Los profesionales de la educación desconfían: desconfían de las verdaderas razones del recorte, porque dicha medida chuscamente demagógica no mejorará un ápice la pésima calidad de las aulas; desconfían del estado final del calendario, porque la quincena que hasta ahora servía para realizar exámenes de recuperación y preparar con un mínimo de previsión el año que entra deberá retrasarse a junio, lo cual significa interferencia con el fin de año previo, anarquía y guirigay; la desconfianza se traduce en una leve voz de advertencia por parte de los sindicatos; a los sindicatos responden las asociaciones de padres, quienes acusan a los profesores de corporativismo e incuria; y por último, como colofón por el momento, tenemos este terrible gesto de enfado de una hora sin dar clase, decisión tan audaz como drástica, que sin duda hará temblar a los cerebros de la administración en sus despachos y generará un interminable dominó de dimisiones y ceses en las altas esferas. Así de feroces son los maestros de escuela.
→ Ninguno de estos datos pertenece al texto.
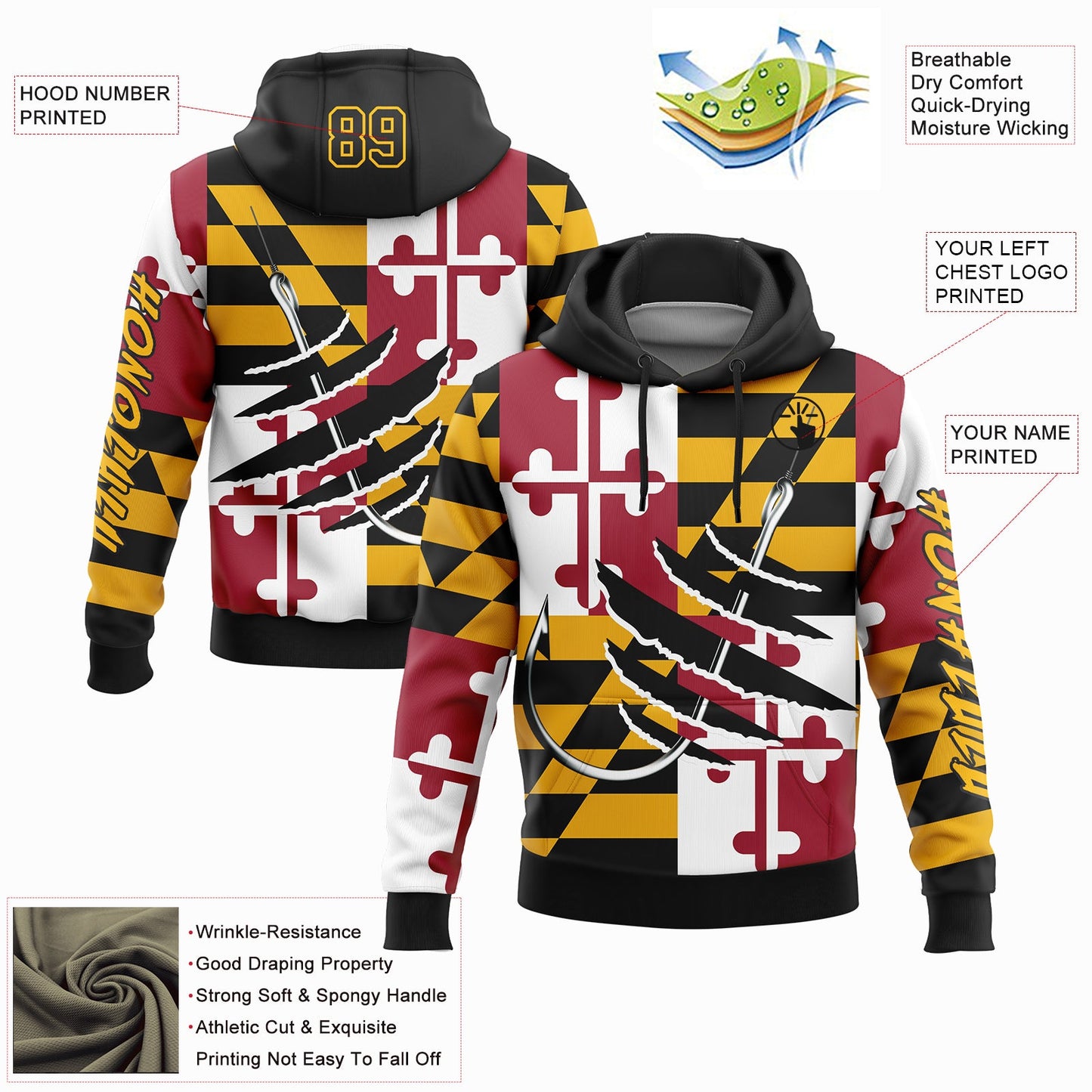Custom Gold Black-Red 3D Maryland Flag And Fish Hook Fishing Sports Pullover Sweatshirt Hoodie view 2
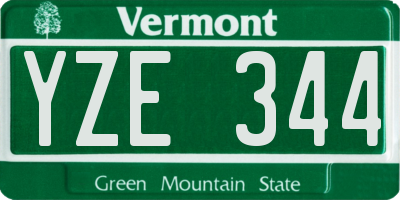 VT license plate YZE344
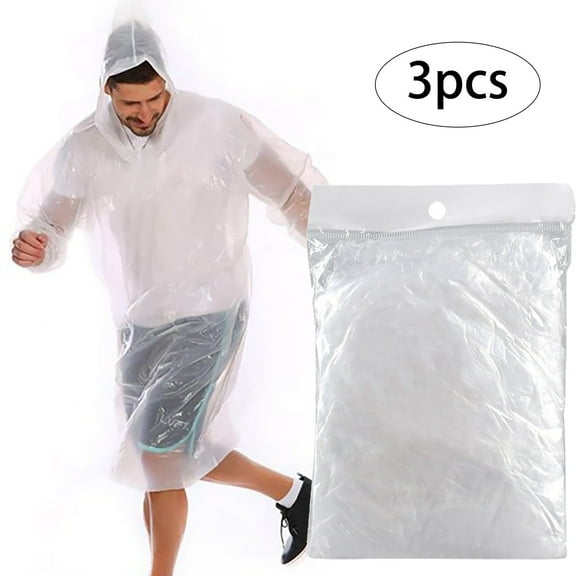 LHWEN Disposable Rain Poncho with Hood 3PCS Unisex Plastic Cover for Sneezing Splash Droplets Lightweight PE Raincoat for Outdoor Events Travel Hygiene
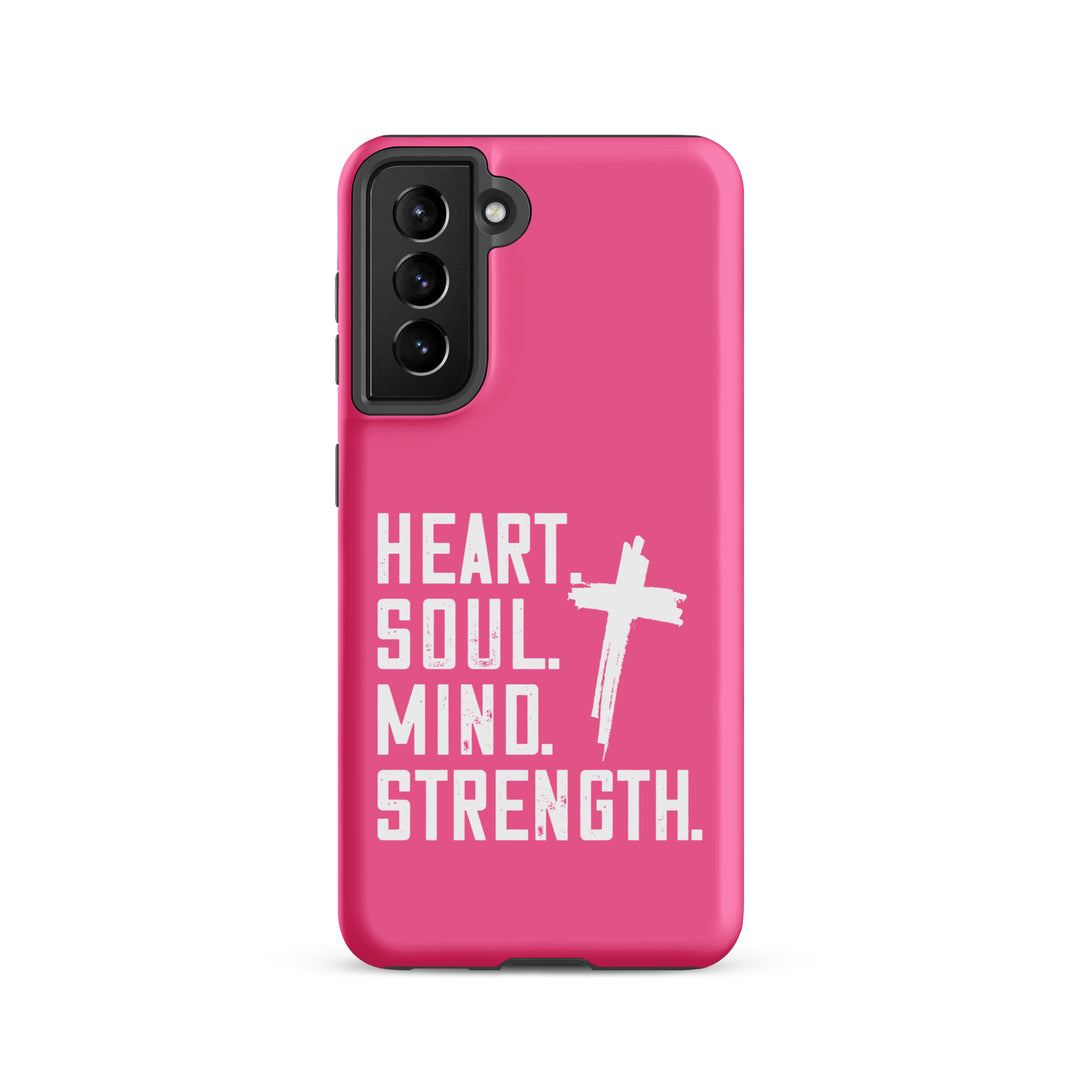 Christian Phone Case Heart Soul Mind Strength Pink for Samsung® Samsung® Phone Cases Matte Samsung Galaxy S21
Recuerdo al respetable que España en general, y Andalucía en particular, han obtenido algunas de las peores calificaciones en el baremo internacional de niveles de capacidad educativa (el tan voceado informe Pisa), y que lo que se enseña en nuestros colegios está entre lo más malo que puede ofrecer el perverso universo de la pedagogía. Las causas de ello son múltiples: planes de estudio mal redactados, llevados a cabo por individuos que desconocen la práctica de la docencia, que necesitan ser corregidos, rectificados y deshechos de curso en curso por falta de adecuación a la realidad; dotación insuficiente de los centros, que muy a menudo deben lidiar con materiales del pleistoceno y aun antes, y que pese a esa publicidad embustera sobre la informatización de las aulas y demás sandeces, a veces no cuenta con artículos de primera necesidad como pizarras y pupitres, por no hablar de la calefacción; problemas constantes de disciplina con alumnos al filo de la delincuencia, ante los que unos profesores sin respaldo legal no pueden sino ofrecer la otra mejilla o arrojarse a la baja por depresión; desatención flagrante por parte de la administración a la hora de suplir esas bajas, de distribuir a los alumnos en clases con un número razonable de miembros, de adjudicar plazas de profesor en razón de las necesidades de los educandos y no de la racanería del tesorero de turno.

Ahora pretenden hacernos creer que todo este rosario de catástrofes, y aun otras que me callo, van a resolverse gracias al adelanto del curso en dos semanas. Me parece que nuestra Consejería de Educación no trabaja para colegios de ladrillo y hormigón, sino para la Escuela de Magia de Hogwarts. Así, claro.